Fed Holds Rates Again as Warsh Steps In

The decision came in a unanimous vote.

At Kevin Warsh’s first Federal Open Market Committee meeting as chair, the Fed opted to keep interest rates at its current range of 3.50 to 3.75 percent, where the figure has sat since December 2025. The decision was made in a 12-0 vote.

The decision comes as inflation remains above the Fed’s target and geopolitical tensions in the Middle East continue to influence energy markets, despite a tentative agreement to reopen the Strait of Hormuz.

The announcement came with little surprise, as industry professionals and CME Group’s Fed Watch tool were predicting a 99.4 percent chance that rates were held ahead of the meeting on Wednesday.

Eyes on Warsh’s first press conference

Despite the widely anticipated decision, many industry professionals were paying closer attention to Warsh’s first press conference and what it could signal about the future path of monetary policy.

“A new chair’s first press conference can reset market expectations even if policy is unchanged,” Andrew Koller, research analyst & advisor at WCRE/CORFAC International, told Commercial Property Executive. “For CRE, the key items to watch are whether he sounds more hawkish or dovish than expected, how he frames inflation persistence, and whether he signals any change in the Fed’s balance sheet posture or long-term rate path.”


READ ALSO: What the Debt Maturity Wall Means for Investors


Joe Biasi, head of commercial capital markets research at Newmark, echoed that sentiment, noting that investors will also be watching the Fed’s updated Summary of Economic Projections.
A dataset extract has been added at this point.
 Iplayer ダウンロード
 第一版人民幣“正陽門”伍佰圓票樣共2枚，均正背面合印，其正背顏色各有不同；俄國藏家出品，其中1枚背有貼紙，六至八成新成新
Biasi said it may take time for the market to adjust to Warsh’s communication style and approach to forward guidance. He also noted that the market is pricing in the possibility of a rate increase over the next six months, and a more hawkish SEP could reinforce those expectations.

During his first press conference as chair, Warsh signaled changes to the Fed’s communications strategy, noting the shorter length of its policy statement.

“Absent also is so-called forward guidance, which we agreed was not well suited to the current policy conjuncture,” Warsh said.

Warsh also declined to submit his own economic projections, reiterating his long-held concerns about the Summary of Economic Projections in its current form. In addition, he announced that the Fed will launch five task forces focused on communications, balance sheet policy, data collection, productivity and jobs, and inflation frameworks. The groups will examine current practices and evaluate whether changes to the central bank’s approach to monetary policy are warranted.

Inflation remains the focus

While the job market is showing signs of improvement—with 172,000 jobs being added in May, according to the U.S. Labor Department—the Fed is focusing on the rising inflation challenges. If inflation remains elevated, some professionals have said future rate increases could be possible. If that is the case, it would be the first increase since July 2023, when the range was raised to 5.25 percent to 5.5 percent.

Several industry professionals noted that inflation remains the key factor influencing the Fed’s next move, as policymakers continue to assess whether recent price increases are temporary and largely driven by energy costs, or if they signal broader inflationary pressures throughout the economy.

“I am pleased to report that members of the FOMC are unambiguous and unanimous,” Warsh said at the news conference. “This committee will deliver price stability.”

Market seeks clarity

“The most important outcome from this FOMC meeting may not be a rate move itself, but increased certainty around the path of monetary policy,” said Chris Mitchell, senior banking officer at Northern Trust. “Commercial real estate investors and lenders have spent several years navigating significant rate volatility, and greater clarity should help support transaction activity and financing decisions.”

Keeping rates steady could provide additional stability for commercial real estate as the sector continues its recovery following several years of corrections. Industry professionals noted that a stable rate environment has helped investors and lenders underwrite deals, evaluate refinancing opportunities and deploy capital with greater confidence.

According to Allan Swaringen, president & CEO of JLL Income Property Trust, the broader trend of rate stability has been positive for both commercial real estate and the wider economy.

“We expect each rate decision to be data-driven and have seen an overall trend of stability for rates, which is positive for real estate as well as the economy broadly,” Swaringen said.

After several years of elevated borrowing costs, a stable rate environment has allowed investors to make longer-term capital allocation decisions and support continued liquidity across commercial real estate. Many investors continue to focus on Treasury yields and longer-term borrowing costs rather than any single Fed move.

“If the market buys into the ceasefire agreement and the reopening of the Strait, that could alleviate some of those pressures and help to bring the yield down over the balance of the year,” said Ryan Severino, chief economist and head of U.S. research at BGO.